圧力1MPaの蒸気発生器に軟化水を供給して連続運転し、蒸気凝縮水中に軟鋼製のテストピースを浸漬し、48時間経過後の腐食速度を調べた。蒸気発生器には脱酸素剤の添加を併せて行い、溶存酸素濃度1mg/L以下に調整した。蒸気凝縮水の温度は約40℃に保持した。軟化水は野木町水を処理したもので平均的な酸消費量(pH4.8)は40mg−CaCO/Lであった。各腐食抑制剤の添加量は100mg/L−給水とした。

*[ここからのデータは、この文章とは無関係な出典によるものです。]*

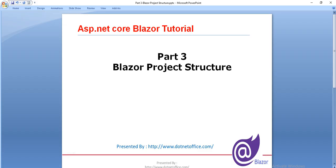That is all about the Blazor project structure. If you have any questions or doubts please comment. Thank you.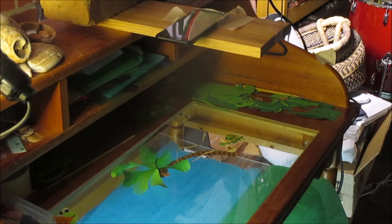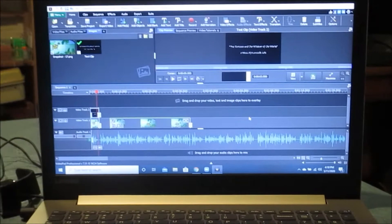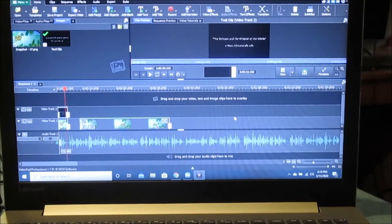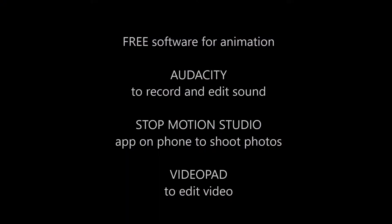I then used the program VideoPad to add sound effects, narration, titles, and credits to the animation and put it all together. Here are the free sources of software that I used: Audacity, Stop Motion Studio, and VideoPad.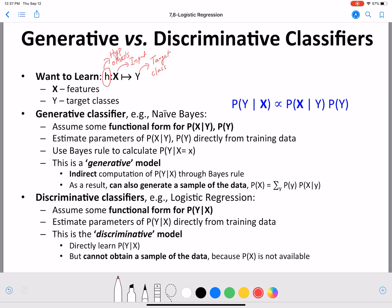Now let's compare and contrast generative classifiers and discriminative classifiers by looking at an example. What we saw earlier — naive Bayes is a generative classifier. Why? Because we have some data X and their corresponding labels in the form of Y, and we calculate P of X given Y — the probability of data given Y — and the prior P of Y.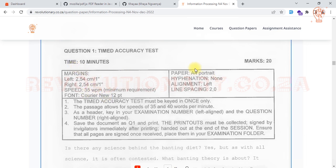Start off with the margins — that's probably the first thing you would do. One thing to note is that when it comes to font, if you're not told the font, the default font you're supposed to use is Courier New 12pt. In this case, we are specifically told which font to use. You are also told the minimum speed should be 35 WPM, which stands for words per minute. To finish the entire text in 10 minutes, you need a speed of about 35 words per minute.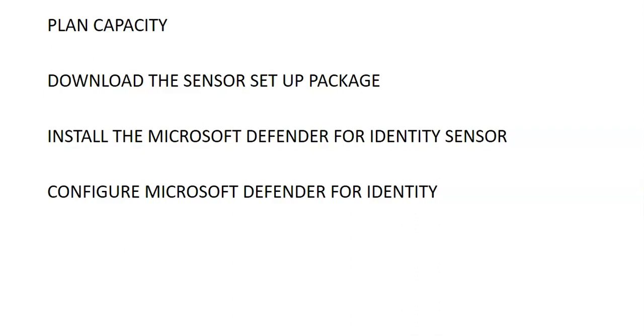After that you will have to download the Microsoft sensor setup package and then install it. You have to download the copy of Defender for identity sensor setup package and the access keys. Make sure Microsoft .NET Framework 4.7 or later is installed on the machine. For sensor installations on ADFS servers you have to check ADFS prerequisites as well.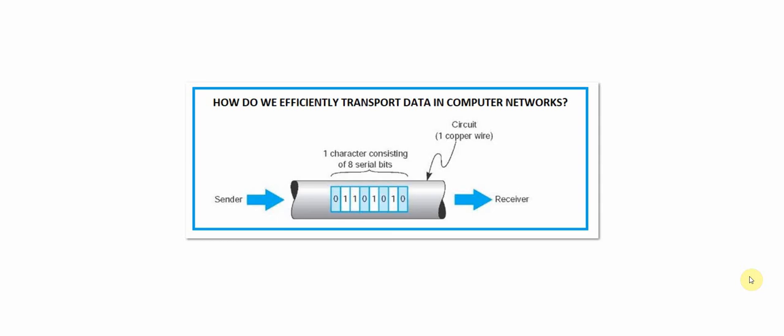Hi everyone and welcome to our next tutorial. In this tutorial we are going to examine how we can efficiently transport data in computer networks.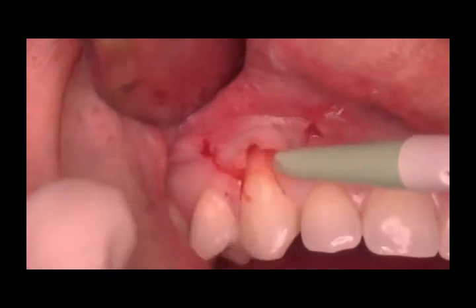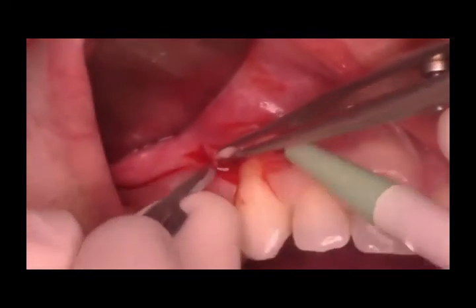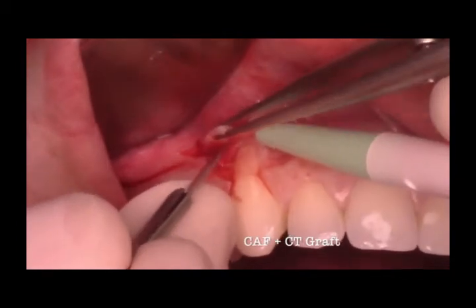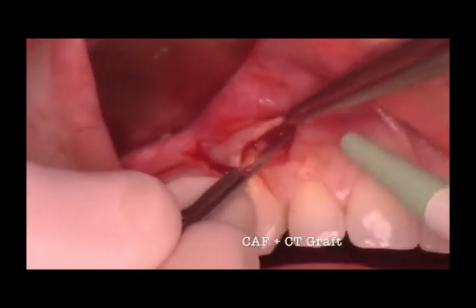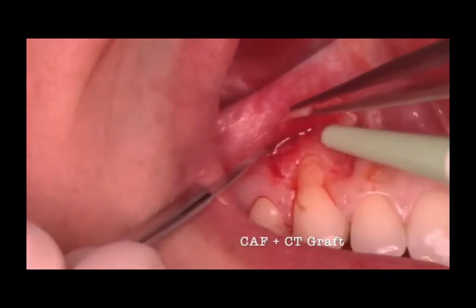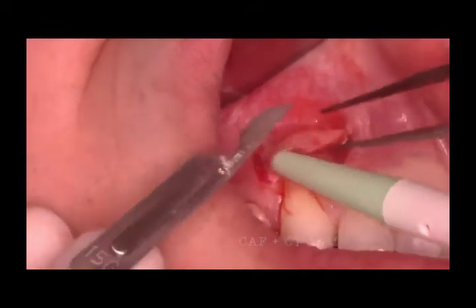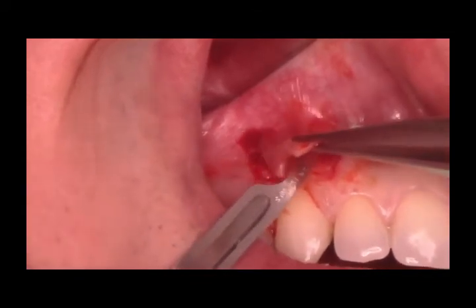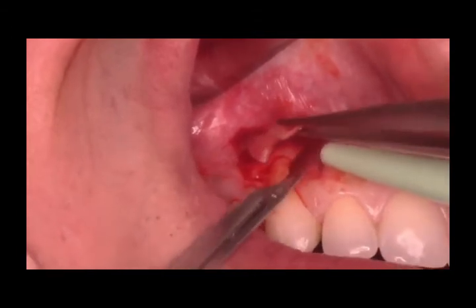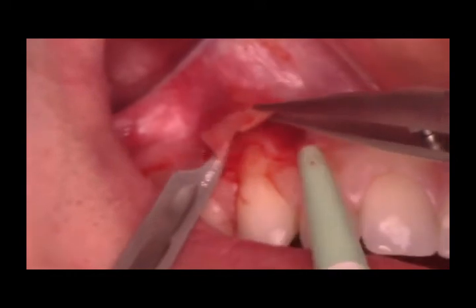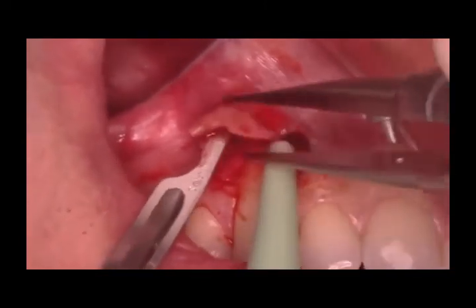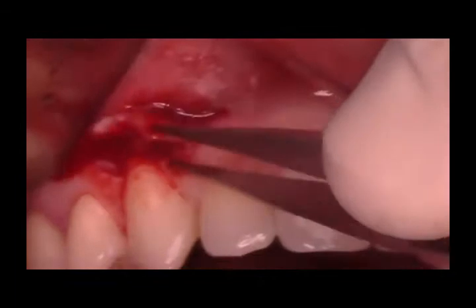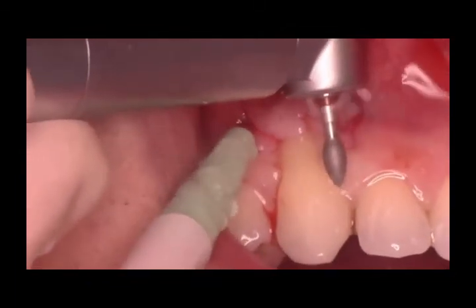The flap is mobilized up to its apical aspect with the help of various instruments. A full thickness mucoperiosteal flap is elevated to expose the underlying root surface and also the bone.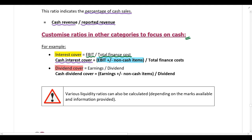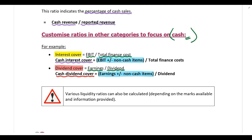Another example is dividend cover: we calculate it by taking earnings and dividing by the dividend. If you want to customize this ratio to focus on cash, you just eliminate non-cash items from earnings and calculate the cash dividend cover. In addition, please note that various liquidity ratios can also be calculated depending on the marks available and the information provided.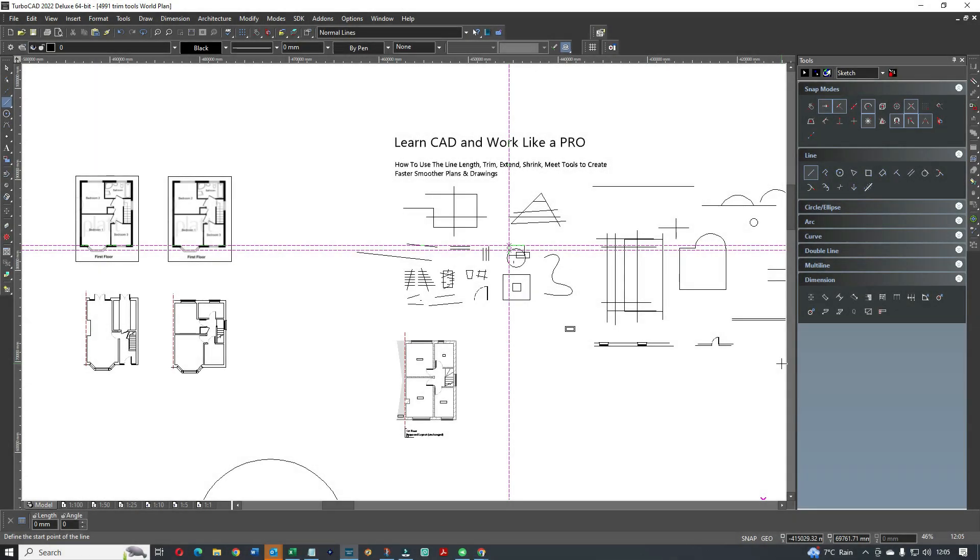Hi, welcome to Draw Plans. I'm Tom Norris and today we're going to continue with our short tutorials to help you to become an expert at CAD and to work like a pro.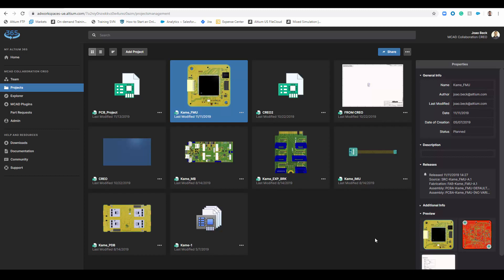How do you share your manufacturing files with your fab house? Did you know that Altium Concord Pro in the Altium 365 platform is able to share that through your web interface?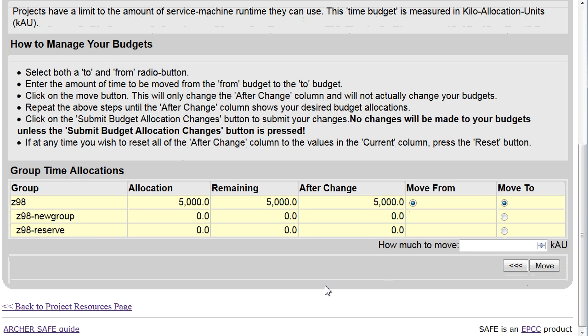If you wish, for example, to move 3,000 of the currently allocated KAUs into reserve so that they cannot currently be used, then you would type in the number of KAUs to be moved. You would select the subproject for them to be moved to and you would click on Move.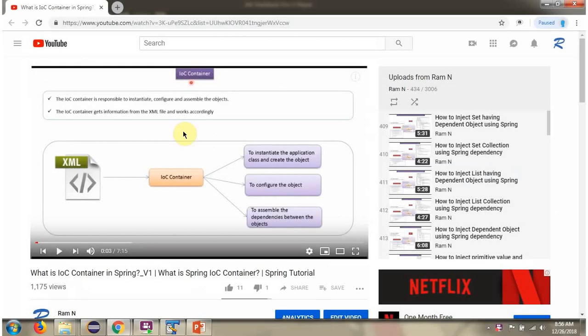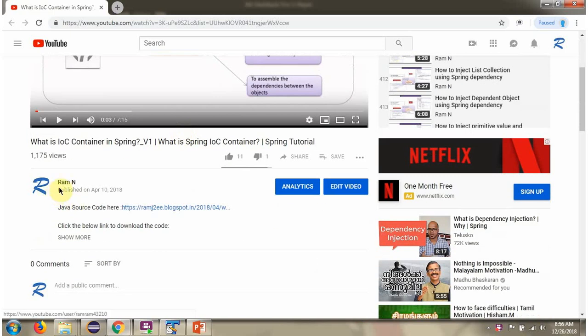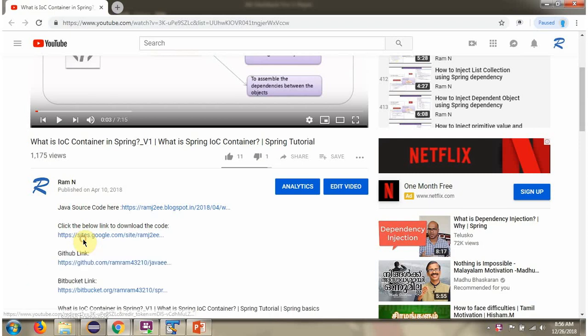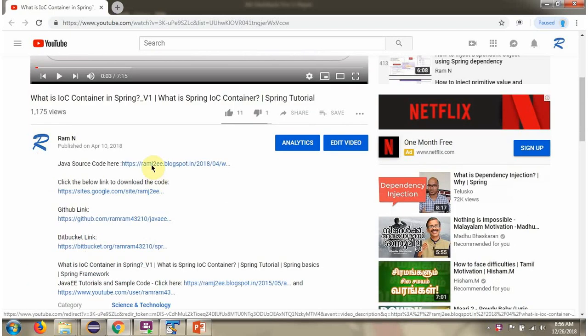You can get the Java source code link for each video in the description section of the video. Click on Show More to see the Java source code links, and click on those links to get the Java source code. Thank you.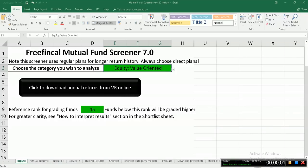Hello everyone, this is Pattu from FreefinCal and in this video I'll talk you through how to use the FreefinCal Mutual Fund Screener version 7. Before we begin, I want to clarify that I release two types of fund screeners.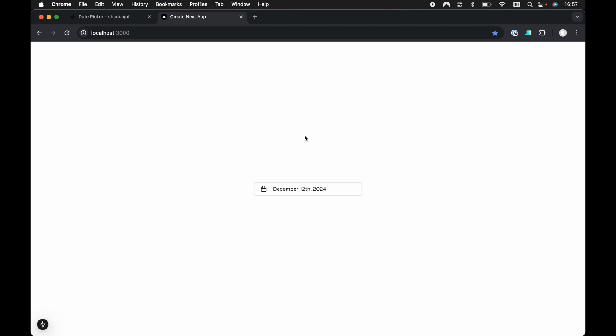I had a question in the Q&A on my ShadCN UI course recently asking with the ShadCN UI date picker, so it's the calendar within the popover, how can we close the calendar or close the popover whenever a date is selected?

なお、腐食抑制剤を添加しない場合の腐食速度をブランクとして表3に記載した。
【0041】
【表3】

【0042】
表3より、本発明の腐食抑制剤は腐食抑制効果は従来品と同等であり、優れた効果を示すことが分かる。

【特許請求の範囲】
【請求項1】
次の(A)〜(D)の各群の成分を含有することを特徴とする腐食抑制剤。
(A)炭素数が10〜24個の長鎖脂肪族アミン化合物
(B)界面活性剤
(C)2−アミノ−2−メチル−プロパノール、モルホリン、及びモノイソプロパノールアミンよりなる群から選ばれる1種又は2種以上の水溶性アミン
(D)炭素数が6〜16個の脂肪族アルコール
【請求項2】
請求項1において、(A)長鎖脂肪族アミン、(B)界面活性剤、(C)水溶性アミン及び(D)脂肪族アルコールが水性媒体中にエマルジョン化してなる腐食抑制剤であって、(A)長鎖脂肪族アミンの含有量が0.1〜5.0重量%で、(B)界面活性剤の含有量が0.1〜10重量%で、(C)水溶性アミンの含有量が0.5〜50重量%、(D)脂肪族アルコールの含有量が0.2〜1.0重量%であることを特徴とする腐食抑制剤。
【請求項3】
請求項1又は2において、(B)界面活性剤がポリグリセリン脂肪酸エステル及び/又はポリオキシエチレンソルビタン脂肪酸エステルを含むことを特徴とする腐食抑制剤。